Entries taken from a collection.
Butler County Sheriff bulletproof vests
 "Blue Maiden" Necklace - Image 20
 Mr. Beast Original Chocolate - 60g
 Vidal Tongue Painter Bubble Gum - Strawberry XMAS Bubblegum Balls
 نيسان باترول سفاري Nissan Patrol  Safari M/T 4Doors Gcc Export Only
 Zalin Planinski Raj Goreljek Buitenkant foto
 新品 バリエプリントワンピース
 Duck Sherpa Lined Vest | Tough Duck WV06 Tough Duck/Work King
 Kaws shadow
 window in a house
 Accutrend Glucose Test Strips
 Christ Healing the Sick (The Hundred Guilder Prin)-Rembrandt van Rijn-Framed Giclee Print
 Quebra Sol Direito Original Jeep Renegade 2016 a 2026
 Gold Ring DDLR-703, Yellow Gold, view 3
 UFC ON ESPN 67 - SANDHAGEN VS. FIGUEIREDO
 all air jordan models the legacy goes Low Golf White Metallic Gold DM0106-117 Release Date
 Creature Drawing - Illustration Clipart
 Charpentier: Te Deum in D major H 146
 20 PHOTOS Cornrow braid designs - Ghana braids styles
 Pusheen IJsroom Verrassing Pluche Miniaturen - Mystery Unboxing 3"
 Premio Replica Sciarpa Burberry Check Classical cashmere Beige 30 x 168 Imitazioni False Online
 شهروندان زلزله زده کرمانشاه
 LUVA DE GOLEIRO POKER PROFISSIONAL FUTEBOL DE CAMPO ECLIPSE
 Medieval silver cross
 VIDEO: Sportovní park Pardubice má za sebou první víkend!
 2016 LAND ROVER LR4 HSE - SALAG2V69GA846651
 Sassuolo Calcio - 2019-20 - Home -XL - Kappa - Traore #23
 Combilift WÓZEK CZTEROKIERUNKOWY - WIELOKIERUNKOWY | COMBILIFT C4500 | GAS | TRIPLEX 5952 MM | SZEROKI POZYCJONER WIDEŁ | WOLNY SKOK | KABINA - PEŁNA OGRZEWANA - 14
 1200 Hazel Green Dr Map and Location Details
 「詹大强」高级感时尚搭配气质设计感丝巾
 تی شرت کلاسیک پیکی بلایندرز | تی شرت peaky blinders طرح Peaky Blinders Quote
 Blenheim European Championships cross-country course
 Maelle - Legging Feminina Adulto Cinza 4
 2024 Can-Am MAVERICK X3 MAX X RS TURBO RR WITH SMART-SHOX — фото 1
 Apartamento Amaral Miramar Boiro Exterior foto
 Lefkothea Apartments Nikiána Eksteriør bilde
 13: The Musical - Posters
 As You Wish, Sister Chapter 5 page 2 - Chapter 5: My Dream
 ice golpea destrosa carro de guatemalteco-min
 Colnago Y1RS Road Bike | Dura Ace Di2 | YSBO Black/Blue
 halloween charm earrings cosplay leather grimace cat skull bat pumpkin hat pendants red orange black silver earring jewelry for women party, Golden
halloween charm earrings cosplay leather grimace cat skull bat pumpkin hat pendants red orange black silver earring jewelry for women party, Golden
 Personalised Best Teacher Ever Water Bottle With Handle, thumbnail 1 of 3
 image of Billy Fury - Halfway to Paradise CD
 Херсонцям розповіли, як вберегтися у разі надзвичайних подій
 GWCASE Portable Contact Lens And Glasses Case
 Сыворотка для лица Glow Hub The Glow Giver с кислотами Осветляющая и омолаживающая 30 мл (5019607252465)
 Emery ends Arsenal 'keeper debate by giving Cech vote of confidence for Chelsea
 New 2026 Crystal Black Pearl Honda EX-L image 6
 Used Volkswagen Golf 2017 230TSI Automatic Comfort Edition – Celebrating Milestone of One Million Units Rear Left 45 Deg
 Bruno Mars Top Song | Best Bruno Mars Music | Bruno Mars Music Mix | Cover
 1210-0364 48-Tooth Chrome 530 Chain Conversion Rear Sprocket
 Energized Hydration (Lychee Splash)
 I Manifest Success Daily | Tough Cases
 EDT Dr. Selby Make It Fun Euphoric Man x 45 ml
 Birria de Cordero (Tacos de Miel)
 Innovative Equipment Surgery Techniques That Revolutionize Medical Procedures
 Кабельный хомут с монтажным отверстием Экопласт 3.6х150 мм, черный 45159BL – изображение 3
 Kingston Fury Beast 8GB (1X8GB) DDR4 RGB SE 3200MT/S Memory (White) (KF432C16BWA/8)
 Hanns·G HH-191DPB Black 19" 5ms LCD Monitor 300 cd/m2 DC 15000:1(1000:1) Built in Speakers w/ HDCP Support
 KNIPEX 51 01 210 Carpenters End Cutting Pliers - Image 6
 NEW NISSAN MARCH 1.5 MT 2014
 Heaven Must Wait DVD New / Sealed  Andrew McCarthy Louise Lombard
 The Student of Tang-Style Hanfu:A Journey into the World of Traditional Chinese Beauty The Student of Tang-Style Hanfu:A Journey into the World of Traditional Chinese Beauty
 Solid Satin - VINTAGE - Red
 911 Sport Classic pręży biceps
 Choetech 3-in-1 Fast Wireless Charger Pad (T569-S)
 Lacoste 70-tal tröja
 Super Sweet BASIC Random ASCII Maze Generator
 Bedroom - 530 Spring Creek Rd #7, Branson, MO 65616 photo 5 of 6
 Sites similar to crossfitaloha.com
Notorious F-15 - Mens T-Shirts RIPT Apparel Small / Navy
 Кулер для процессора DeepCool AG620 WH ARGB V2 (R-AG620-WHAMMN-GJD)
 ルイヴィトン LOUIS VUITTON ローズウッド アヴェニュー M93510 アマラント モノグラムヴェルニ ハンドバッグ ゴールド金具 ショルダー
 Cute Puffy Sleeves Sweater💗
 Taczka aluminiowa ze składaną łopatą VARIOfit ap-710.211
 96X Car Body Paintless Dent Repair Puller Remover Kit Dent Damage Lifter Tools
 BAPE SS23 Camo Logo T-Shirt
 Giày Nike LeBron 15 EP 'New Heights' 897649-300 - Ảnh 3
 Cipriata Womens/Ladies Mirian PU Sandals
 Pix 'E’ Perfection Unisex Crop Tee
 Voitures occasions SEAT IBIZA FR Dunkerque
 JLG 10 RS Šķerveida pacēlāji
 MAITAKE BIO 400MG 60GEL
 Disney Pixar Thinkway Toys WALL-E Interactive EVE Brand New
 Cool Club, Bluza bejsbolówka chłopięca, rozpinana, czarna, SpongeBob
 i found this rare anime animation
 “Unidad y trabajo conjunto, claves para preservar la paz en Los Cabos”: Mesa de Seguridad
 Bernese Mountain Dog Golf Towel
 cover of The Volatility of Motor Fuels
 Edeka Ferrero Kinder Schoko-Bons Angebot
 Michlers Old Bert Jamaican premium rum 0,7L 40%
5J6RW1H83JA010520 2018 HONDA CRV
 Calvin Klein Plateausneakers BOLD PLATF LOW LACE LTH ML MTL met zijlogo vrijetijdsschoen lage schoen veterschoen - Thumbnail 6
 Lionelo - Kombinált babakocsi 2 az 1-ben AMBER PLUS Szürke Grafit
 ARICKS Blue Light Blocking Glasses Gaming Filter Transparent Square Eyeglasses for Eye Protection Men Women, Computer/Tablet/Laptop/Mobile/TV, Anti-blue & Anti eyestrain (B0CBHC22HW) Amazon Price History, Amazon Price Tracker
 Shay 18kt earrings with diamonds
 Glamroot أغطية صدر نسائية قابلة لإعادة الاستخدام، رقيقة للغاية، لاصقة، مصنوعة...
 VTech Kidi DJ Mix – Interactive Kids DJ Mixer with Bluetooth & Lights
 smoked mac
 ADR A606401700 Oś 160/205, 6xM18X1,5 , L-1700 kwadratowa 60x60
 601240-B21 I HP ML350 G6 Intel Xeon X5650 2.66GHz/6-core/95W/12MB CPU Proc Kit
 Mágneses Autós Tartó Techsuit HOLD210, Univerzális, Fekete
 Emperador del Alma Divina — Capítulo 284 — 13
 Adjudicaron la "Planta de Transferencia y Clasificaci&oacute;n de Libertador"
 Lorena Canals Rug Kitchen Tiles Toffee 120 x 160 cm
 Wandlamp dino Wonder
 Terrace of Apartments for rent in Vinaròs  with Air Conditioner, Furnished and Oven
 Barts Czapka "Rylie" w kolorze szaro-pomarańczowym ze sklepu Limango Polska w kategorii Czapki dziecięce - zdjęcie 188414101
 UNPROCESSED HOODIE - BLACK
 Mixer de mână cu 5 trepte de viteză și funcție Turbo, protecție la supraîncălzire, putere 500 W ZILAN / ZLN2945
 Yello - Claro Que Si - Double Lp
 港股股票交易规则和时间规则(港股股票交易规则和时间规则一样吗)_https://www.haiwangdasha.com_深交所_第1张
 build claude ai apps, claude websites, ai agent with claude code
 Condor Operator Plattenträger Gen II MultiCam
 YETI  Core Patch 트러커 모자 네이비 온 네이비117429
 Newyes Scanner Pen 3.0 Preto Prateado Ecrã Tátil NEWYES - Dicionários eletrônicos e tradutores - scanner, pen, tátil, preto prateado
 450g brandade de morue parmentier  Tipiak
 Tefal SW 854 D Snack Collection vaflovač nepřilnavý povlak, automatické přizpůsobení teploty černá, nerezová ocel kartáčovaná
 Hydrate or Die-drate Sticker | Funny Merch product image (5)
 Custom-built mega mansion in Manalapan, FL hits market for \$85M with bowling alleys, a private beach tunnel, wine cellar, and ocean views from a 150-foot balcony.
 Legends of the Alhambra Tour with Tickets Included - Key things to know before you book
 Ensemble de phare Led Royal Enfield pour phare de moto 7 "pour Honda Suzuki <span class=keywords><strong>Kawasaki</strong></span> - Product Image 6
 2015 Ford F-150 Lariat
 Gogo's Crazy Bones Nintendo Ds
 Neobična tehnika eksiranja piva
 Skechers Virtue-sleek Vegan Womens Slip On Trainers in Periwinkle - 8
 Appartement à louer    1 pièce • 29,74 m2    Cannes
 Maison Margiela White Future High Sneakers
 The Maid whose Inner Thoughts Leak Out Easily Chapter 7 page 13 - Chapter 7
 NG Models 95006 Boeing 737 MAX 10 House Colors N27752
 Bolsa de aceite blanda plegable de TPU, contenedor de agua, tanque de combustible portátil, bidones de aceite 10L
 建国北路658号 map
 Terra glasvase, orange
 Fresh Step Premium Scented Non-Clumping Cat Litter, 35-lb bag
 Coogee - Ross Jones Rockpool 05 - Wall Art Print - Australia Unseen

WHAT TO DO. Show the lines above with "Tough".

YOUR RESPONSE.
 Duck Sherpa Lined Vest | Tough Duck WV06 Tough Duck/Work King
 I Manifest Success Daily | Tough Cases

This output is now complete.